>>

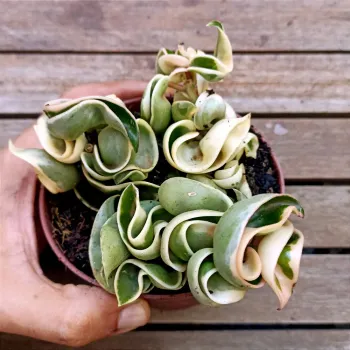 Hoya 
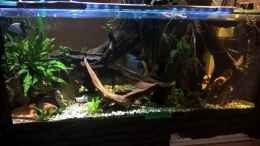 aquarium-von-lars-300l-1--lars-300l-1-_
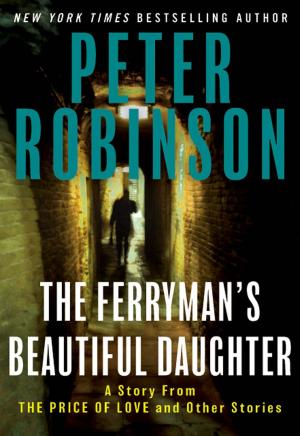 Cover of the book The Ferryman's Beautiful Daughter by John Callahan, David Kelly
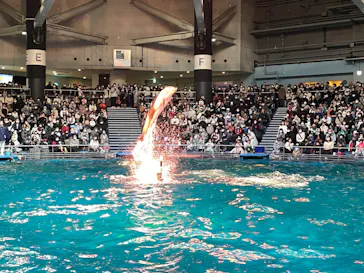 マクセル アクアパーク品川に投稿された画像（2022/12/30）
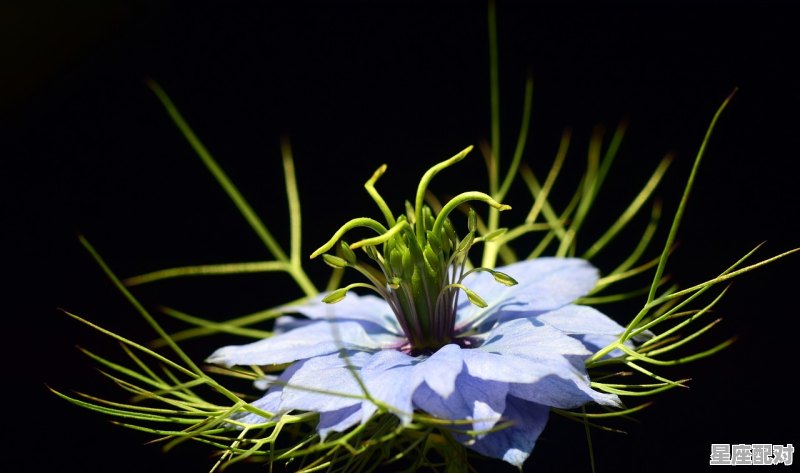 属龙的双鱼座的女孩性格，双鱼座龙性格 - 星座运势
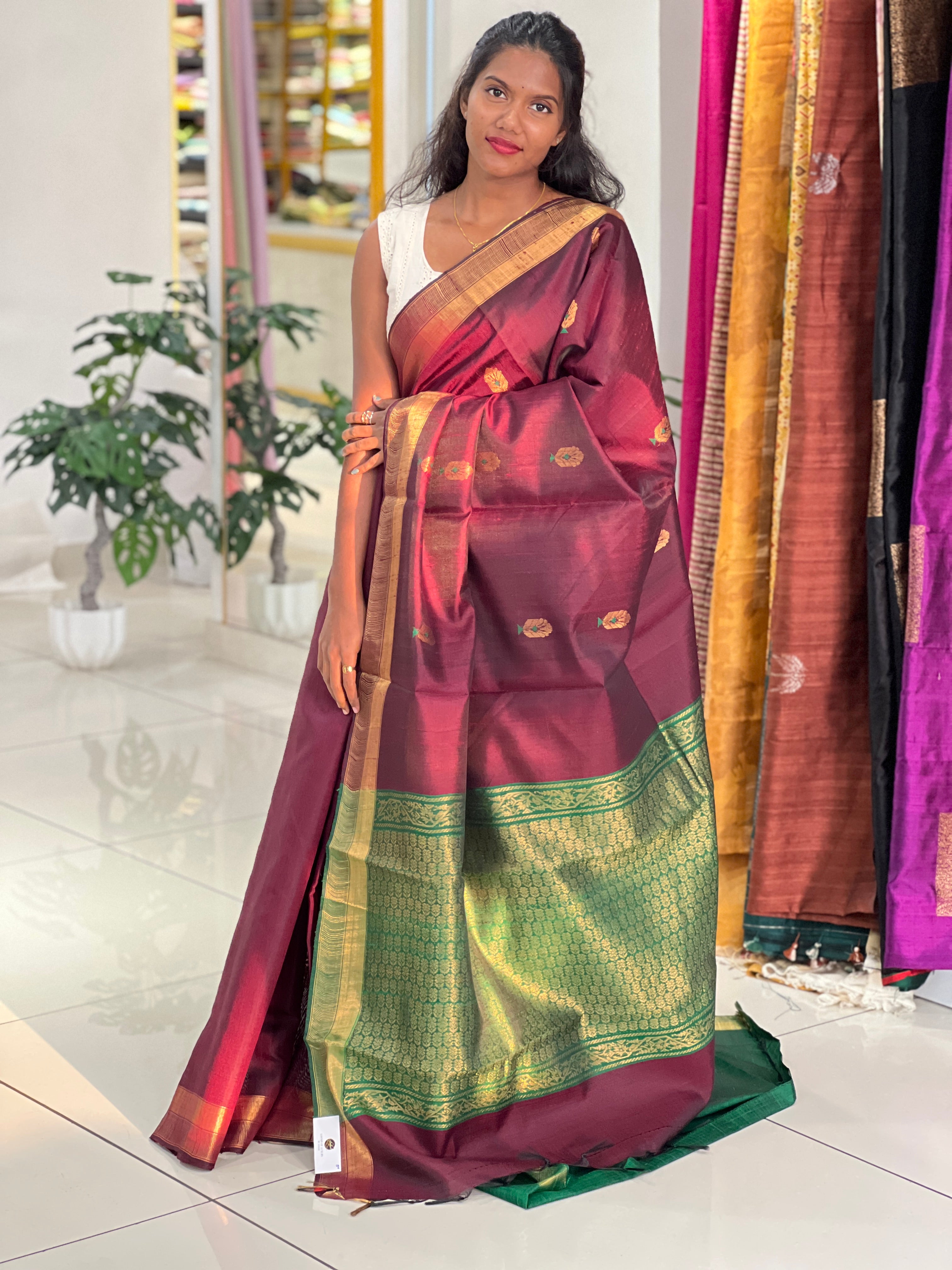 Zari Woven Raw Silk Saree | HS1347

<<
>>

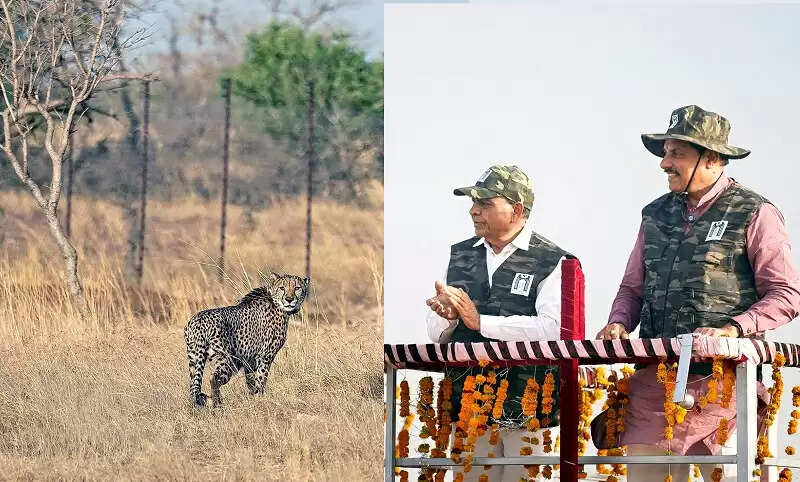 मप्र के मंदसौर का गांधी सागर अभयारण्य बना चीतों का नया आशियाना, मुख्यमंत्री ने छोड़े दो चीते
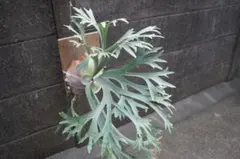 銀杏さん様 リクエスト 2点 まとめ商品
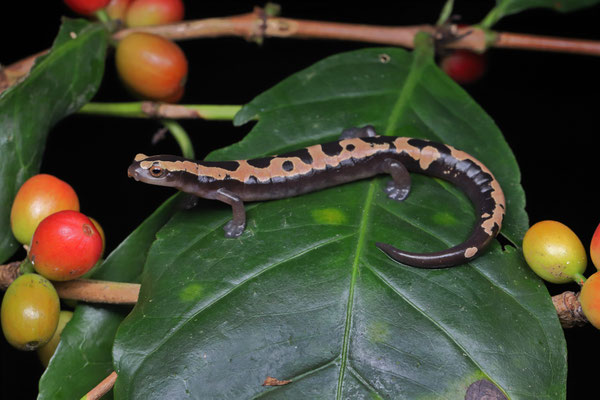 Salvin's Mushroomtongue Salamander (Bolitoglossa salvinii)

<<

### EXERCISE OBJECTIVE
In the data above, find the line with "銀杏さん様 リクエスト 2点 まとめ商品" and the line with "Salvin's Mushroomtongue Salamander". Please copy exactly those two lines and every line between them, but not the pictures.

### COMPLETED EXERCISE
 銀杏さん様 リクエスト 2点 まとめ商品
 Salvin's Mushroomtongue Salamander (Bolitoglossa salvinii)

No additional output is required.